Monitoring & Logging¶
Overview¶
Monitoring and logging (Observability) are critical for understanding the health and performance of your system in production. You cannot fix what you cannot measure. A robust observability stack helps you detect issues before your users do and provides the data needed for root cause analysis.
Key Concepts¶
1. The Four Golden Signals¶
- Latency: Time it takes to service a request.
- Traffic: Demand placed on the system (e.g., HTTP requests per second).
- Errors: Rate of requests that fail (e.g., HTTP 500s).
- Saturation: How "full" your service is (e.g., CPU/Memory usage).
2. Monitoring vs. Logging¶
- Monitoring: Real-time dashboards and alerts based on metrics (e.g., Prometheus, Grafana).

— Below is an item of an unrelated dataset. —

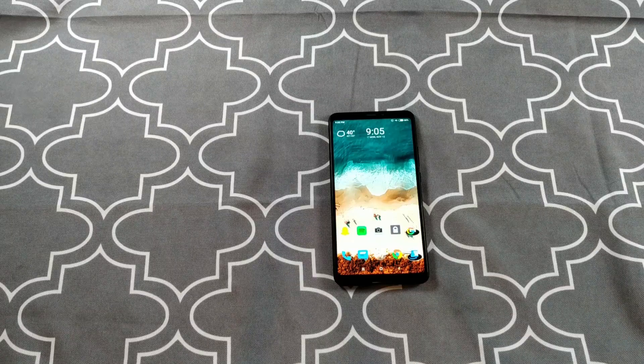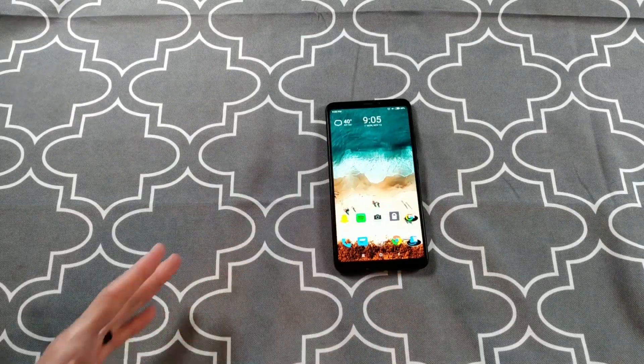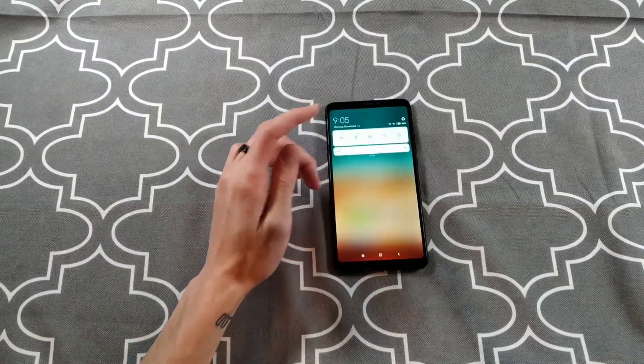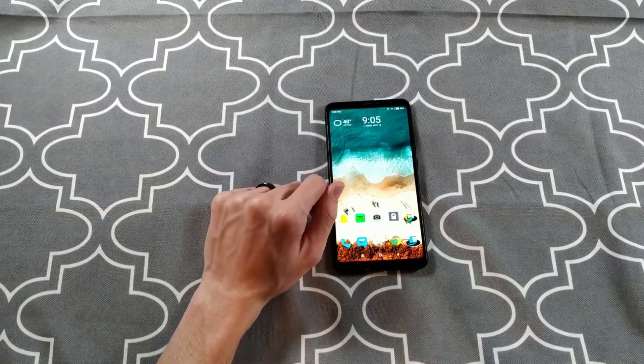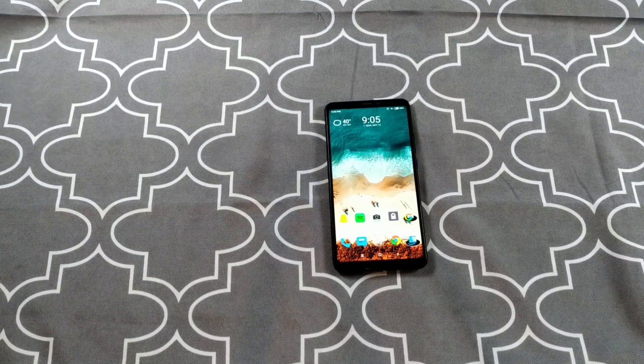Living with the Mi Max 3. What's it like living with a phone this big? Performance, reception, battery — what's it actually like in day-to-day use? Reception's been good overall. LTE's been kind of spotty though. I've been using this on AT&T, and despite this being the global version of the phone, LTE has been spotty. That comes down to the LTE bands on the phone.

- Logging: Detailed records of events that occurred in the system (e.g., ELK Stack - Elasticsearch, Logstash, Kibana).
3. Distributed Tracing¶
A way to track a single request as it moves through multiple microservices.
- Technologies: Jaeger, Zipkin, AWS X-Ray.
Trade-offs & Considerations¶
- Cost: Storing large amounts of logs and metrics can be expensive. Log rotation and sampling are necessary.
- Alert Fatigue: Too many alerts can lead to "noise," where developers start ignoring them. Alerts should be actionable.
- Overhead: Adding extensive monitoring and tracing can add a small amount of latency to your application.